Provided data »
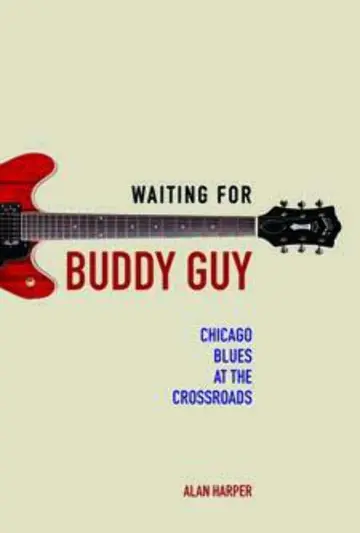 Cover of Waiting for Buddy Guy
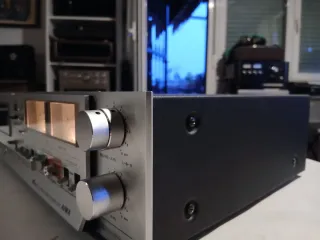 Aiwa Deck 6700 Plata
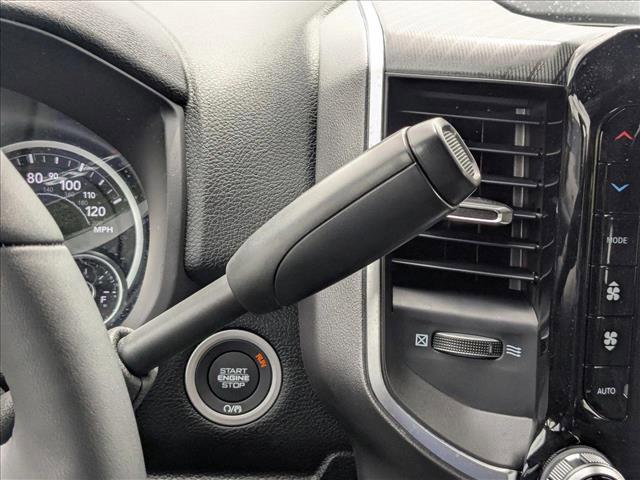 new 2025 Ram 3500 car, priced at $72,866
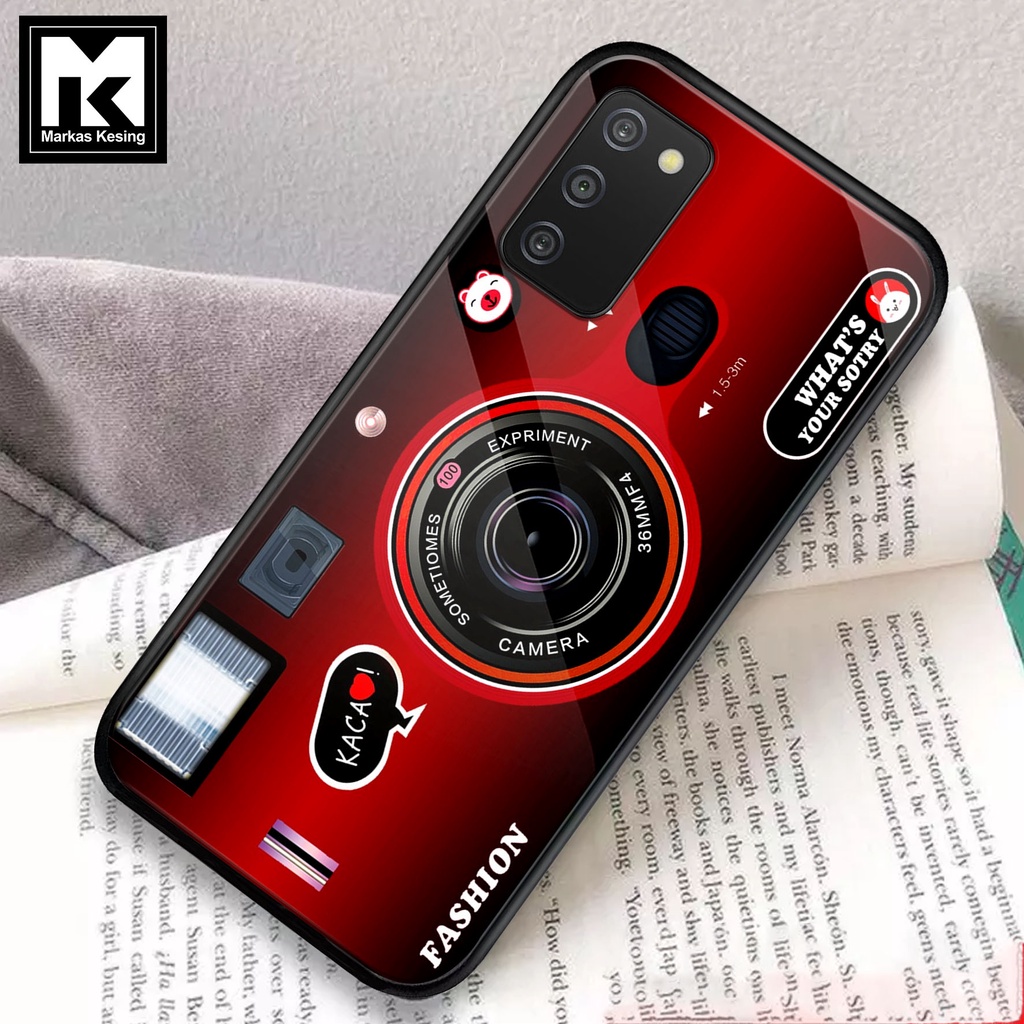 Case Samsung A03s - Casing Hp Samsung A03s - Casing Hp - Case Hp Terbaru - ( B11 )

Exercise aim »
"new 2025 Ram 3500 car, priced at $72,866" marks the first line to copy; copy that line and every line after it through the last line of the listing, exactly and without pictures.

Answer to the exercise »
 new 2025 Ram 3500 car, priced at $72,866
 Case Samsung A03s - Casing Hp Samsung A03s - Casing Hp - Case Hp Terbaru - ( B11 )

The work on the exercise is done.